La justice belge a inculpé neuf personnes, dont huit princesses des Emirats arabes unis, parmi lesquelles la veuve d’un émir, pour traite d’êtres humains et séquestration de domestiques dans un palace bruxellois en 2008, rapporte un journal belge. Selon le quotidien La dernière heure, l’instruction vient d’être bouclée dans cette affaire qui avait démarré le 1er juillet 2008 par une descente de police dans un des plus luxeux hôtels de Bruxelles, le Conrad (photo), où la famille princière du défunt émir Muhammed bin Khalid Al Nahyan louait un étage depuis plusieurs mois.

“L’auditeur” du travail de Bruxelles (nom du ministère public au tribunal du travail) demande le renvoi devant le tribunal correctionnel des neuf inculpés pour “séquestration”, “traitements inhumains et dégradants” et “trafic d’êtres humains” à l’encontre de 23 femmes de huit nationalités (Philippines, Maroc, Indonésie, Erythrée, Chine, Tunisie, France et Belgique), selon le journal.
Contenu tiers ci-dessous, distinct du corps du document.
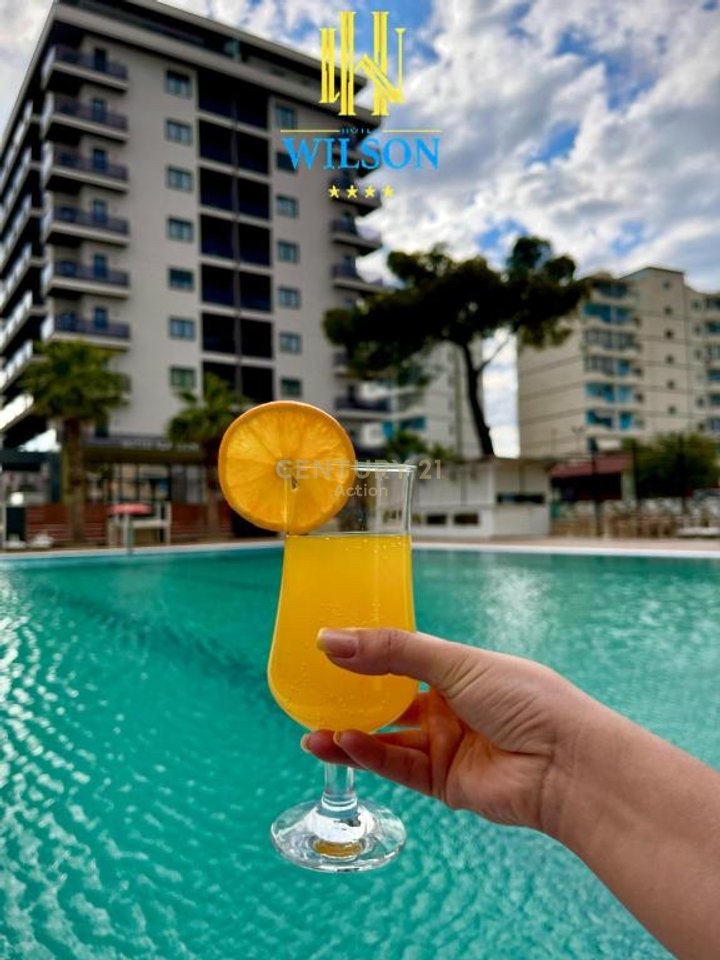 For sale 2+1+2 apartment with sea view, near Hotel Wilson, Shengjin.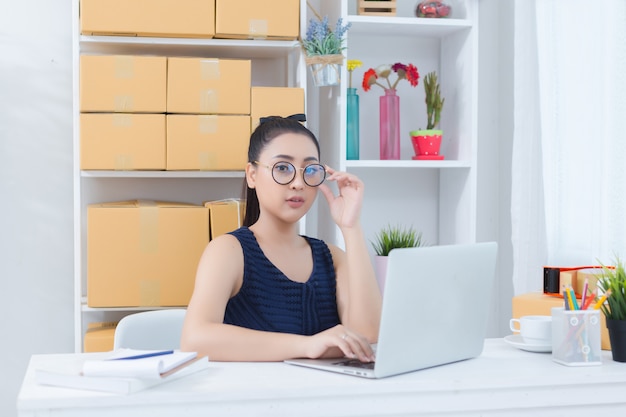 propriétaire d&#39;entreprise travaillant au bureau à domicile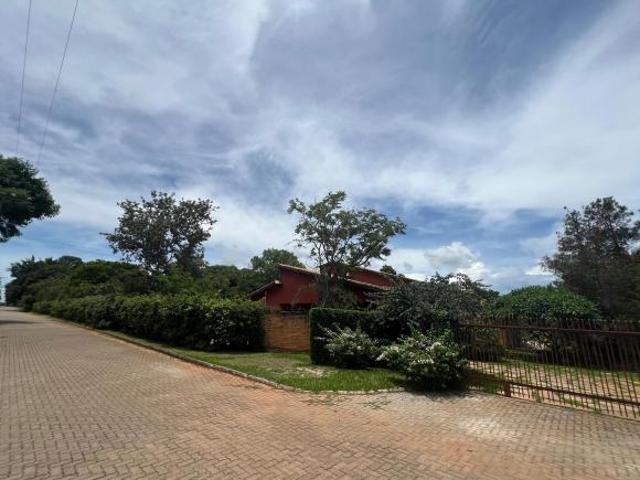 Casa venda em Região Geográfica Imediata do Distrito Federal, Região Integrada de Desenvolvimento do Distrito Federal e Entorno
Parmi les inculpées figure Hamda Al Nahyan, 64 ans, veuve de l’émir. Toutes avaient pu quitter le territoire belge peu après avoir été entendues.

Aucune charge n’est en revanche retenue contre la direction de l’hôtel Conrad, précise le quotidien. Les prévenues ont abusé de la “situation vulnérable” de leurs domestiques, du point de vue social, mais aussi du fait de leur séjour illégal et du fait que l’une au moins était enceinte, selon le réquisitoire cité par un autre quotidien La Dernière Heure. Par ailleurs, elles sont accusées d’occupation de main-d’oeuvre étrangère non déclarée et de n’avoir pas payé de rémunération à 22 de leurs domestiques pour un montant évalué à près de 124 000 euros, selon le journal.